3) Warranty – Intrepid Group Ltd passes on the warranty stated by the original manufacturer of the product to the purchaser. Intrepid Group Ltd does not in its own name underwrite the manufacturer’s warranty. The liability of Intrepid Group Ltd and purchasers exclusive remedy in any cause or actions (whether in contract, tort, breach of warranty or otherwise) arising out of the sale of any products, supplies or materials is expressly limited to the manufacturer’s warranty. In no event shall Intrepid Group Ltd be liable for special, incidental, indirect, punitive or consequential damages.

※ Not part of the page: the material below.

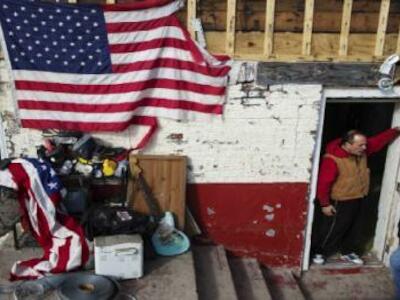 El 1% superior posee el 45% de la riqueza personal global; el 50% inferior, menos del 1%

4) Delivery – Seller’s liability for risk shall terminate upon safe delivery to carrier on shipments made F.C.A. place of shipment and upon tender on shipments made F.C.A. point of destination. Intrepid Group shall not be liable for any damages or penalty for delay in delivery or failure to give notice of delay, when such delay is due to the elements, act of God, acts of purchaser, act of civil or military authority, priorities, fire or floods, strikes, stoppage of labor, accidents, riots, civil disturbances, martial law, acts of the government, epidemics or quarantine restrictions, lockouts, breakdowns, differences with workmen, accidents to machinery, car shortages or other delays beyond reasonable control of Intrepid Group Ltd. In the event of any such occurrences the seller may at its election cancel this order or any part thereof.

Title to material in this contract shall remain with the seller until goods supplied are paid for. The buyer  is responsible for damage or loss from the time of shipment from Intrepid Group Ltd.

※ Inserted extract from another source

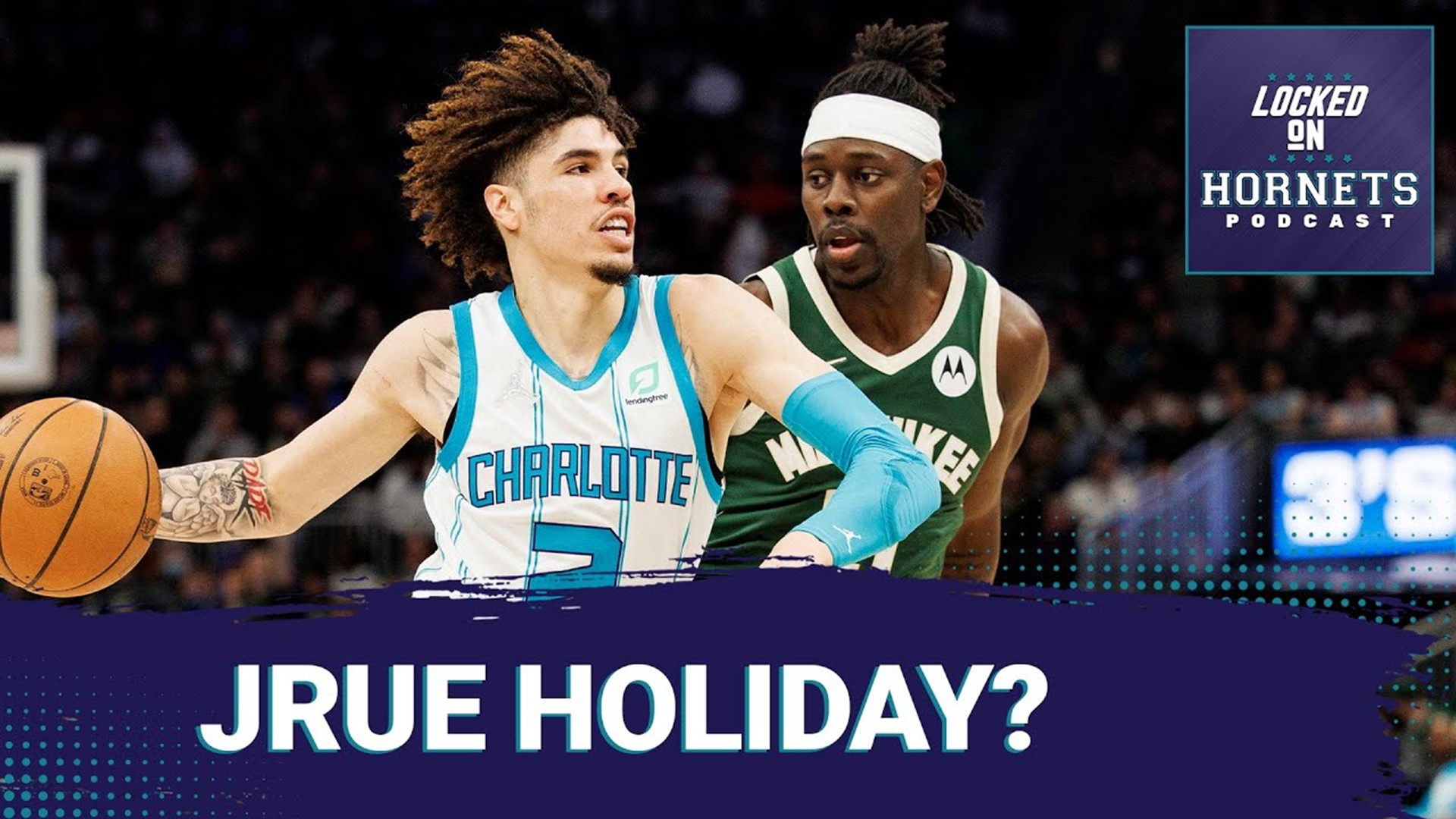 Hornets jersey ad locked up through 2023 - Charlotte Business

5) Taxes – Unless otherwise shown, taxes are extra.


6) Errors – Clerical or typographical errors are subject to correction


7) Cancellations or Returns – Orders shall not be cancelled or returned without Intrepid Group Ltd.’s acceptance of cancellation or return in writing and payment of cancellation charge by buyer. Cancellation or return charges will be based upon actual cost including engineering, manufacturing, testing, inspection, sales work and material in process or delivered at the time cancellation or return request is received. If Intrepid Group Ltd approves a cancellation or return request, the following charges will apply:

a) All returned items within 30 days are subject to a 30% minimum restocking charge, all products returned more than 30 days after original ship date are subject to a 50% restocking charge. Returns after 3 months from original ship date are subject to a 100% restocking charge. All transportation costs for cancellations or returns are to be paid by the buyer.

b) Products returned for credit must be in new and unused condition and complete with packaging and manuals in original saleable condition.

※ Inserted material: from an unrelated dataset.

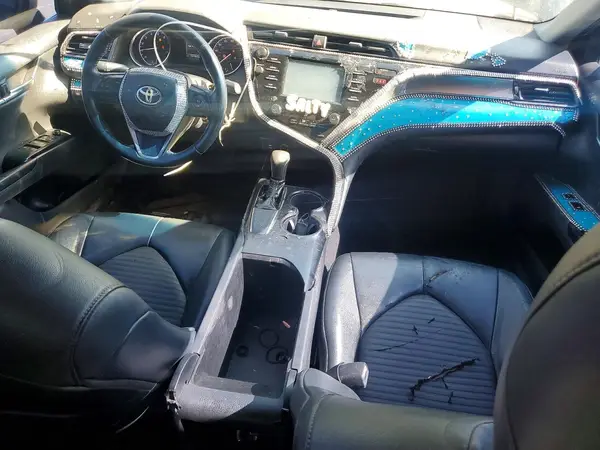 4T1B11HK6KU218324 2019 TOYOTA CAMRY - Image 8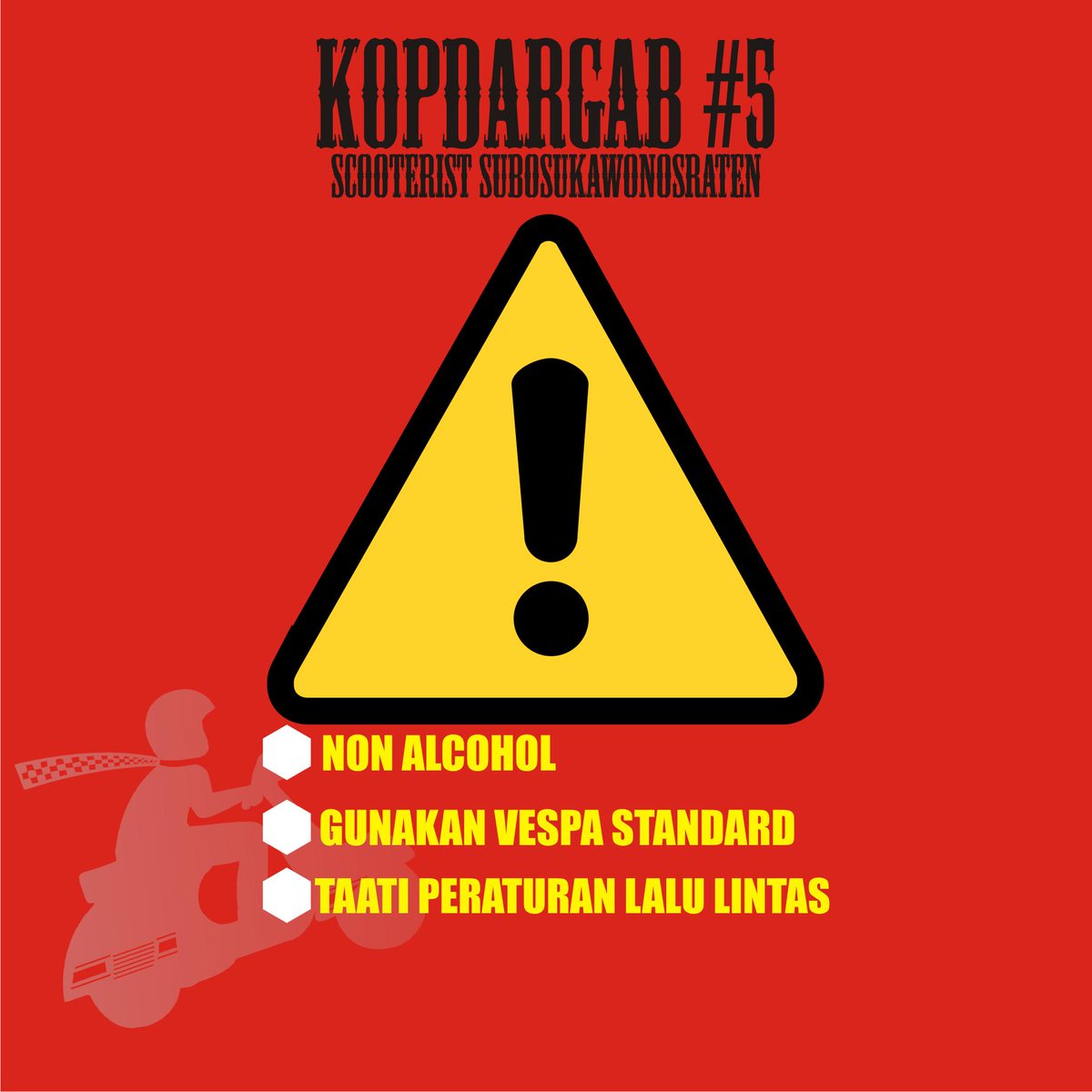PASSragen_'s tweet photo. Supaya acar berjalan tertib dan lancar, sesuai kesepakatan bersama dalam rapat di hari Jumat 21 Juni 2019. Disepakati kesepakatan berikut ini.... #KOPDARGAB5 #PASEDULURANSAKLAWASE https://t.co/HllbDJsKbl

c) Custom manufactured products or products above Intrepid Standard stocking levels are not returnable or cancelable.

d) Documentation for catalog item orders is subject to a 100% cancellation charge.

e) Documentation for custom equipment is subject to the equipment cancellation schedule.

 

8) Cumulative liability – The Seller’s total cumulative liability to the Purchaser arising out of or relating to the performance of the Purchase Order shall be limited to the value of the estimated Purchase Order Price at the Effective Date.

9) Purchaser’s Indemnification
Purchaser agrees to indemnify, defend and hold harmless Supplier, its contractors, subcontractors and suppliers and the officers, directors, employees and invitees of all of the foregoing (collectively “Supplier Group”) from and against any and all claims, losses and expenses (including all costs, demands, damages, suits, judgements, fines, penalties, liabilities, legal fees and cause of action of whatever nature or character, whether arising in tort or in contract, including contractual liabilities assumed by Supplier Group, whether known or unknown, and including claims, losses and expenses for Property Damage, Personal Injury or death, in any way rising out of or related to the performance or non-performance by Purchaser Group of the subject matter of the Purchase Order, except to the extent caused by or resulting from the Gross Negligence or Wilful Misconduct of Supplier Group.


10) Supplier’s Indemnification
Supplier agrees to indemnify, defend and hold harmless Purchaser, its contractors, subcontractors and suppliers and the officers, directors, employees and invitees of all of the foregoing (collectively “Purchaser Group”) from and against any and all claims, losses and expenses (including all costs, demands, damages, suits, judgements, fines, penalties, liabilities, legal fees and cause of action of whatever nature or character, whether arising in tort or in contract, including contractual liabilities assumed by Purchaser Group, whether known or unknown, and including claims, losses and expenses for Property Damage, Personal Injury or death, in any way arising out of or related to the performance or non-performance by Supplier Group of the subject matter of the Purchase Order, except to the extent caused by or resulting from the Gross Negligence or Wilful Misconduct of Purchaser Group.


11) Consequential Losses
For the purposes of this Article, the expression “Consequential Loss” shall mean indirect losses such as, but not limited to, loss of production, loss of product, loss of use, loss of revenue, loss of profit or anticipated profit, loss of business opportunity and reputation, whether arising in contract or tort or otherwise at law. Except to the extent of any agreed liquidated damages or any termination fees provided for in the Purchase Order, Purchaser shall indemnify, save, defend and hold harmless Supplier Group from Purchaser Group’s own Consequential Loss; and Supplier Group shall indemnify, save, defend and hold harmless Purchaser Group from Supplier Group’s own Consequential Loss.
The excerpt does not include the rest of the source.